Case Law McGrew v. VCG Holding Corp.

McGrew v. VCG Holding Corp.

Document Cited Authorities (48) Cited in (7) Related

Harold L. Lichten, Thomas Fowler, Lichten & Liss–Rordan, PC, Boston, MA, Trent R. Taylor, Barkan Meizlish Handelman Goodin DeRose Wentz, Columbus, OH, for Plaintiffs.

Allan S. Rubin, Paul A. Caligiuri, Jackson Lewis, PC, Southfield, MI, Katharine C. Weber, Jackson Lewis PC, Cincinnati, OH, for Defendants.

Memorandum Opinion and Order

Thomas B. Russell, Senior Judge

Plaintiffs Melissa McGrew, Sarah Gunter, and Kristina Dunlap were all at one time exotic dancers at PT's Showclub in Louisville, Kentucky. They allege that Defendants, the club's owners and operators, misclassified them as independent contractors rather than employees, paid them less than minimum wage, and deducted certain fees and penalties from their paychecks, all in violation of federal and state law. On behalf of themselves and other similarly-situated dancers, Plaintiffs seek back pay, restitution, civil penalties, costs, and attorney's fees. Defendants contend that Plaintiffs' claims are all subject to arbitration on an individual, non-class basis because each Plaintiff signed multiple arbitration agreements while she was employed at PT's Showclub. In turn, Plaintiffs claim that the arbitration agreements are unenforceable because Plaintiffs were intoxicated when the agreements were executed, and because managers provided Plaintiffs with little or no time to read and consider the agreements.

Defendants filed the instant motion, asking this Court to dismiss Plaintiffs' suit pursuant to Federal Rule of Civil Procedure 12(b), or in the alternative, to compel arbitration of Plaintiffs' individual claims and to dismiss Plaintiffs' class and collective action claims. [DN 8.] Plaintiffs responded, [DN 17], and Defendants replied, [DN 26]. Fully briefed, this matter is ripe for adjudication. For the reasons that follow, the Court finds that Plaintiffs' claims are all subject to arbitration on an individual,non-class basis. Accordingly, Defendants' motion to compel arbitration and dismiss [DN 8] is GRANTED.

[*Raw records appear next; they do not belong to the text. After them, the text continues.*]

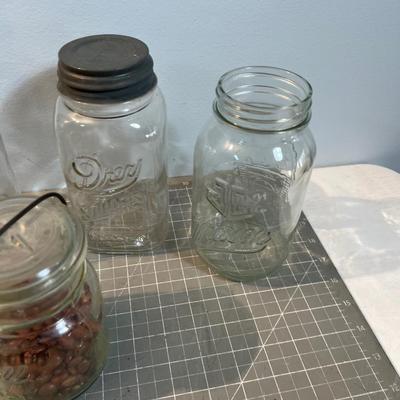 Mostly Antique JARS with Lids of all manner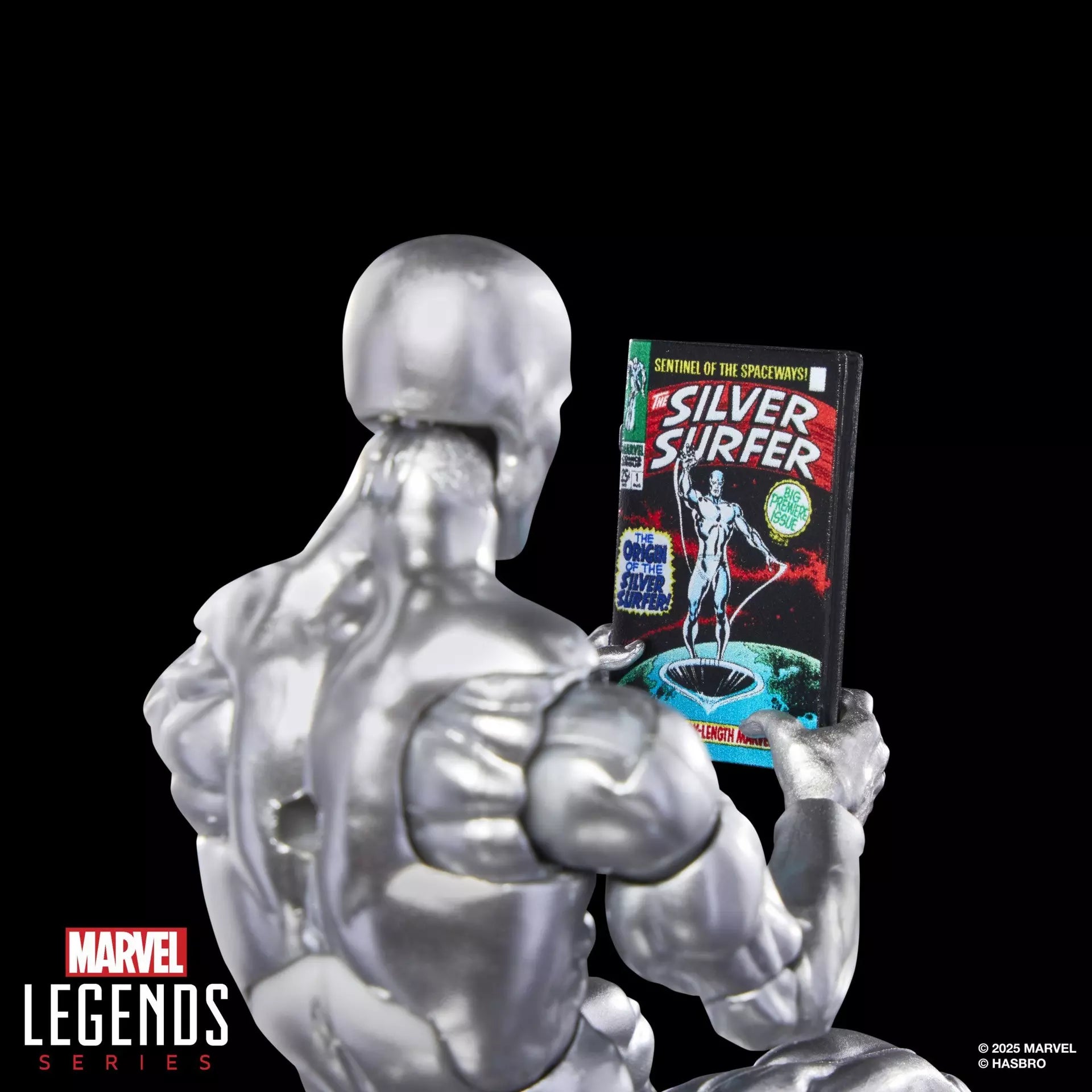 Marvel Legends Retro Silver Surfer Action Figure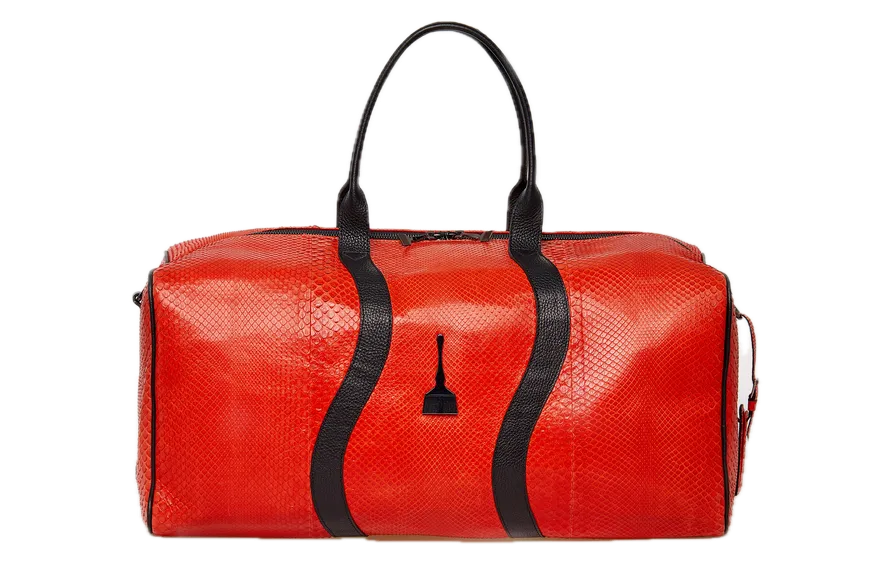 ON THE GO Duffle Bag in Red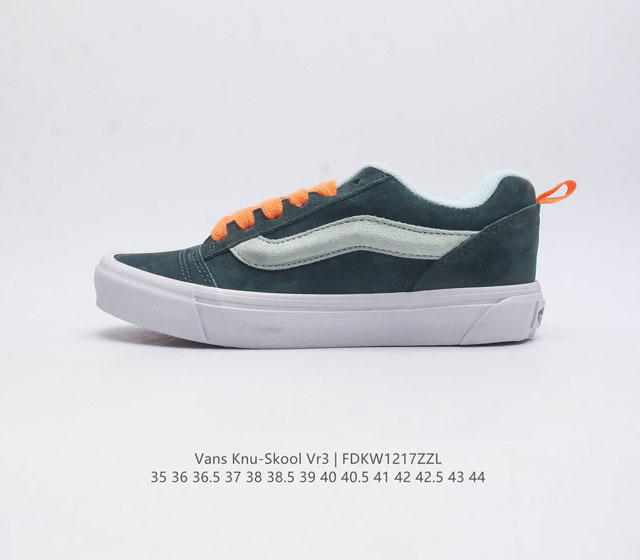 Vans Knu-Skool Vr3 Lx logo Vans knuskool imranpotato og 35-44 Fdkw1217Zzl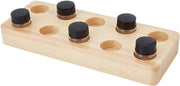 Set di 10 vasetti di inchiostro in vetro con supporto in legno, contenitori riutilizzabili per inchiostro, vernice e calligrafia - 7 ml.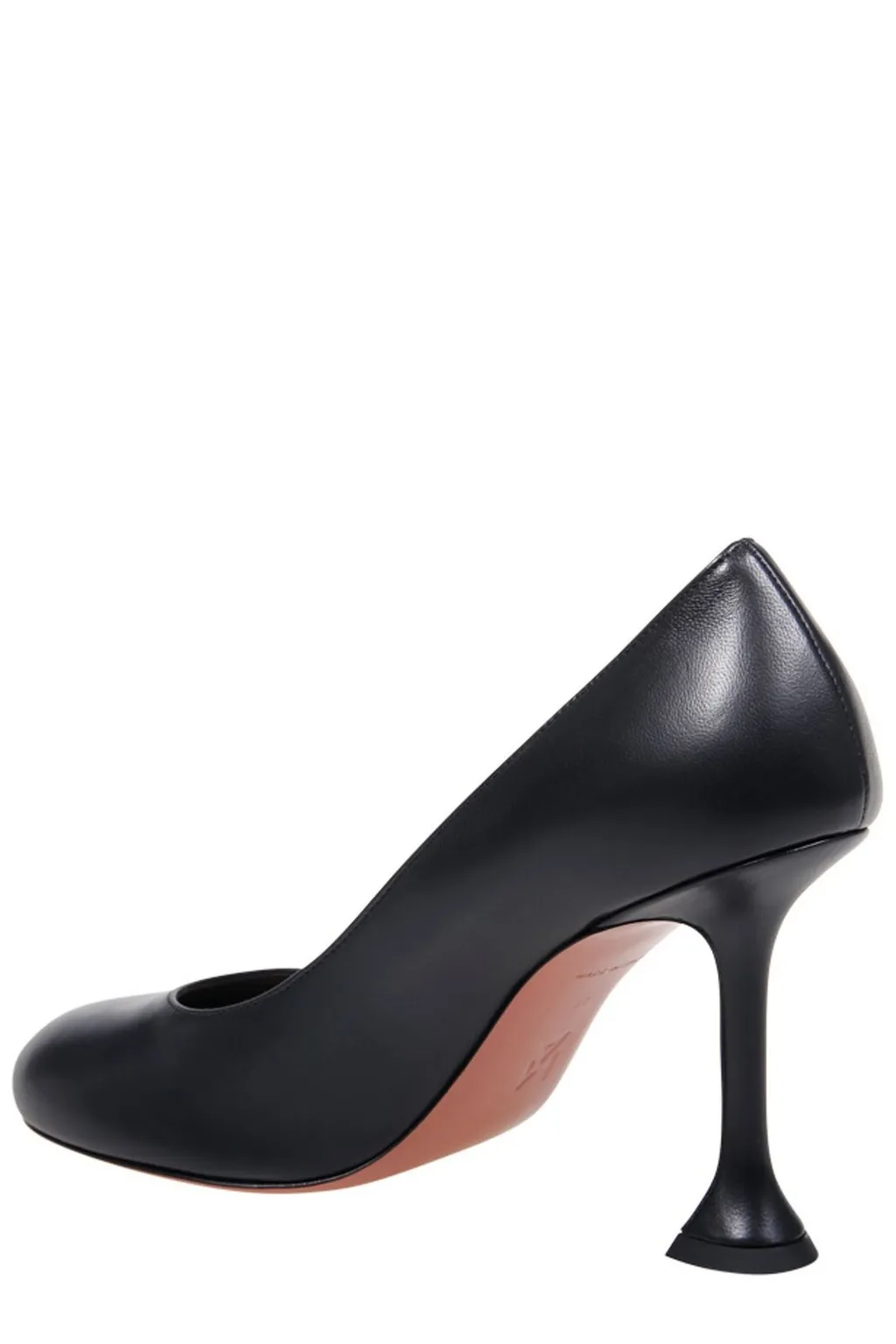 Amina Muaddi Iris Round Toe Pumps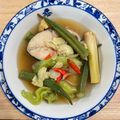 Cooksnap Cempaka Putih semasa beliau membuat 🐠🐟🐠🐟 Singgang Ikan Tenggiri.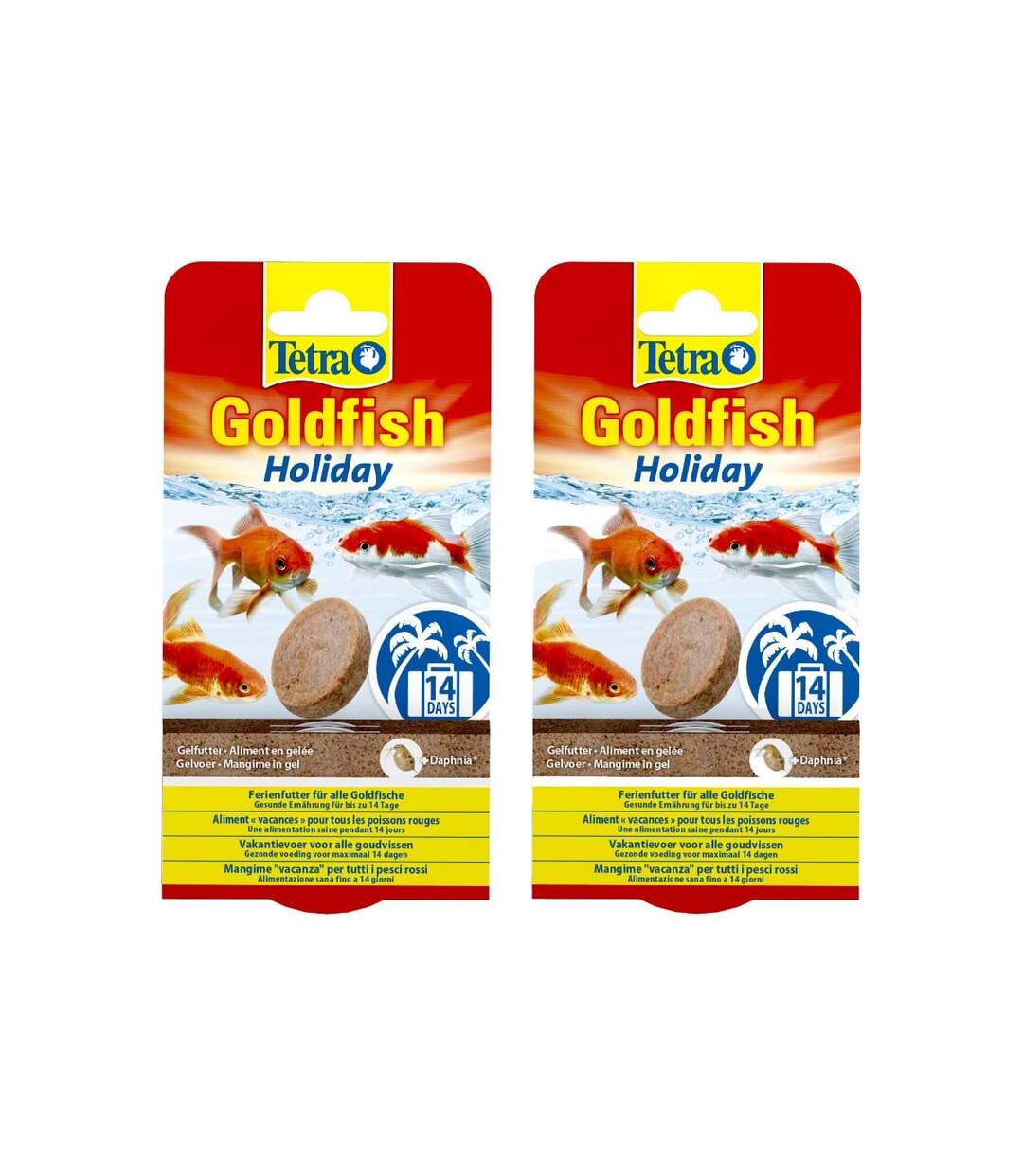 Aliment complet Tetra goldfish holiday 2x12 gr (Lot de 2)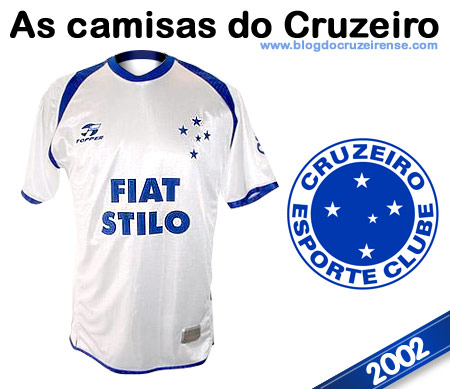 Camisas históricas do Cruzeiro - 2002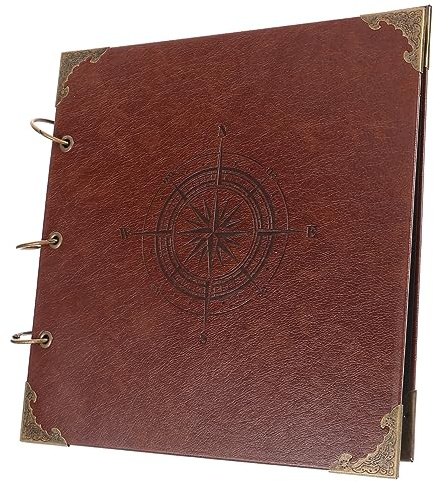 Garneck Álbum De Fotos Diy De Cuero Álbum De Fotos Familiar Para Boda o Graduación Para Adultos De Recuerdos De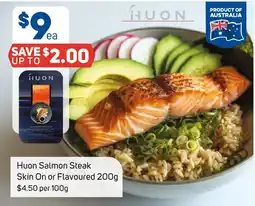 Foodland Huon Salmon Steak offer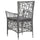 Virasat Outdoor Patio Dining Set 4 Chairs and 1 Table (Gray)-VIRASAT FURNITURE & FURNISHING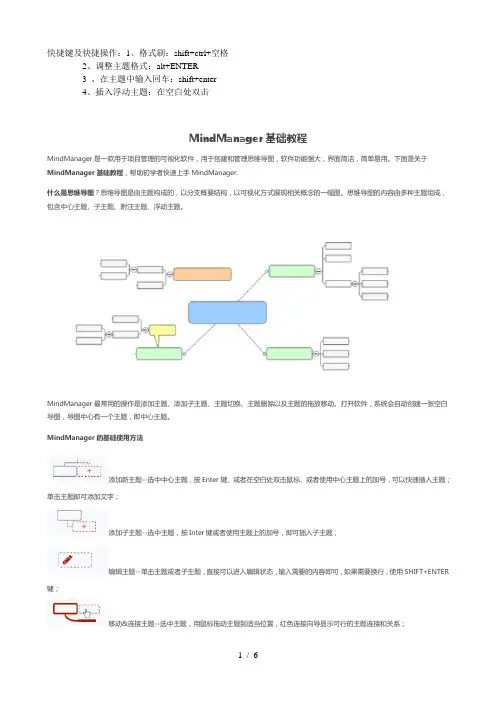 思维导图使用技巧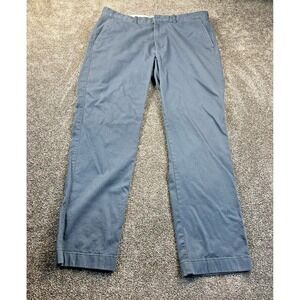 J. Crew Pants Mens Size W33 L30‎ Flex Straight Flat Front Casual Dress Navy Blue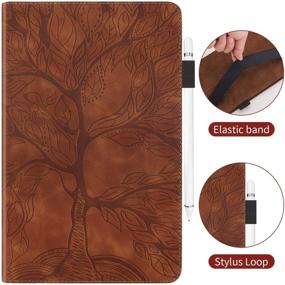 img 1 attached to 📚 Premium PU Leather Folio Case for Lenovo Tab M10 FHD Plus 10.3 inch 2020 Model - Brown | Pencil Holder, Card Slot, Stand Cover | Compatible with TB-X606F/TB-X606X Tablet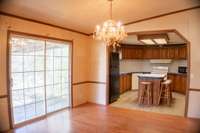 Dining Room has doors to the back deck.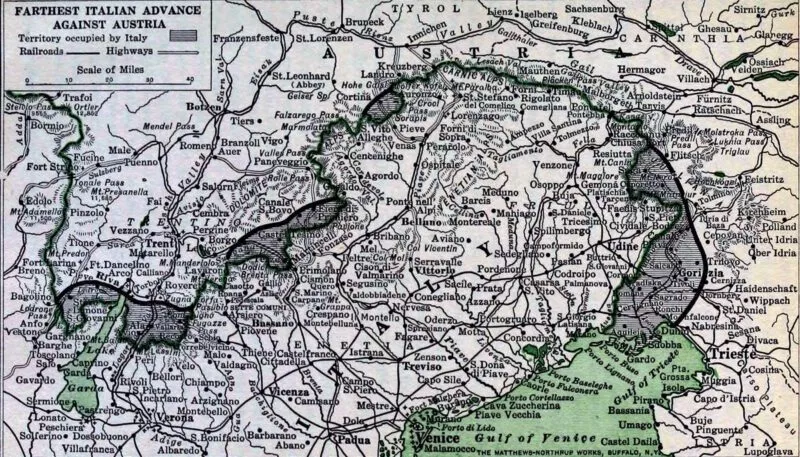Isonzo-Schlachten 1915 bis 1917 7 Isonzo-Schlachten Karten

I. Facts and Procedural History

PT's Showclub is an adult entertainment venue located in Louisville, Kentucky. [DN 1 at 6.] Among other things, the "entertainment" includes performance by exotic dancers. [Id. ] At various times between 2004 and 2015, Plaintiffs Melissa McGrew, Sarah Gunter, and Kristina Dunlap worked as dancers at PT's Showclub. As a condition of their employment, Defendants required Plaintiffs to execute documents called "Entertainment Leases." The lease agreements vary somewhat in form, but each provides that Plaintiff is an independent contractor, and that all disputes between the parties must be resolved through binding arbitration on an individual, non-class basis.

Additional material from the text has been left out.